Asphaltene precipitation and deposition is a serious problem in many Iranian fields. The deposited asphaltene results in partial or total blockage of the wellbore, reducing or completely seizing oil production. This paper presents a new approach, based on PVT data, for thermodynamic modeling of asphaltene precipitation. The developed model has been combined with temperature and pressure modeling of the wellbore. The combined model has been used to predict the depth of asphaltene precipitation in the wellbore in several fields in an Iranian field (Kupal), as case study. The results are compared with the field data of asphaltene problems in various wells in Kupal field, as well as the measured depth of obstruction when applicable. There is a good agreement between the predictions and the field data. Finally, a sensitivity analysis has been conducted to simulate the effect of various operational parameters, including; flow rate, wellhead pressure and tubing diameter. The results provide important guidelines in minimizing the risks associated with asphaltene deposition.
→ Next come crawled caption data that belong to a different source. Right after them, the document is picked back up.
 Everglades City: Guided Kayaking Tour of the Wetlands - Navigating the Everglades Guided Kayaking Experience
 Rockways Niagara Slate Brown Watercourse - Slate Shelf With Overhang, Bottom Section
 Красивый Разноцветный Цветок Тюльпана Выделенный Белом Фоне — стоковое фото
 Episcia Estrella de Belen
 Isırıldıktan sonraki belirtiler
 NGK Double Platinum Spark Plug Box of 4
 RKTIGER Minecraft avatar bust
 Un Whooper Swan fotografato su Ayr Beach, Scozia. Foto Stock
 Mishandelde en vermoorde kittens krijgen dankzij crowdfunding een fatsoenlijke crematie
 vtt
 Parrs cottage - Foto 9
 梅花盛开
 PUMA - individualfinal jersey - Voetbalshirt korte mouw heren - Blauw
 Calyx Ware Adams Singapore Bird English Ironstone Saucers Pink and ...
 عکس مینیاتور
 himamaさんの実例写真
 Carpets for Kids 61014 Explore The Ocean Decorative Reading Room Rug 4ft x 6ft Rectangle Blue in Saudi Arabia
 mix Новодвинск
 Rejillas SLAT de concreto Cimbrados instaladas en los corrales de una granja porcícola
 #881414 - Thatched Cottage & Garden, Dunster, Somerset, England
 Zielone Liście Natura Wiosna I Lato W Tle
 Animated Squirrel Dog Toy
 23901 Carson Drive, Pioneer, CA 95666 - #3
Asphaltenes are the heaviest fraction of crude oils which are polyaromatic structures or molecules, containing heteroatom (i.e. S, O, N) and metals (e.g. Va, Ni) that exist in petroleum fluids in an aggregated state1. These aggregates are stabilized in solution by resins and aromatics, which act as peptize agents2. Asphaltenes and resins, are in the thermodynamic equilibrium at static reservoir condition. However changes in thermodynamic condition such as pressure, temperature or compositions during oil production may cause stabilized asphaltenes precipitate out of fluid and could deposit in reservoir, wellbore, wellstring, transport pipeline or surface processing facilities.
Since pressure and temperature changes extremely through production string, this area is the most susceptible for asphaltene precipitation.
Deposition of asphaltene on the wall of production string reduces available diameter to oil flow, subsequently, oil production rate decreases. Gradually, oil flow path is plugged by increasing the thickness of deposited asphaltenes. In addition to economical damages as result of seizing oil production, the costs could increase for removing asphaltene obstruction plug by chemical or mechanical treatments.
The mechanical treatment of asphaltene removal do not use practically. Because this process is time consuming and sometimes impractical owing to some parts of production system are not accessible. Therefore the most of asphaltene depositions are removed by chemical treatments.
It is essential to know the depth of asphaltene deposition in order to implement a successful asphaltene removal operation. Because by knowing the depth of asphaltene deposition, the amount of chemical could be determined. Also, the risk of stuck reduces for coil tubing tool operation. Therefore, asphaltene removal treatment could be faster.
The operational production condition affects on the asphaltene deposition in wellstring. Therefore, operational parameters should be known to prevent or eliminate the asphaltenes deposition damages in well string. Thus damages could be reduced by alerting operating conditions.
This paper tries to find an approach that is capable to predict asphaltene deposition in well string and studies the effect of different factors on the process of asphaltene deposition including; flow rate, wellhead pressure and tubing diameter.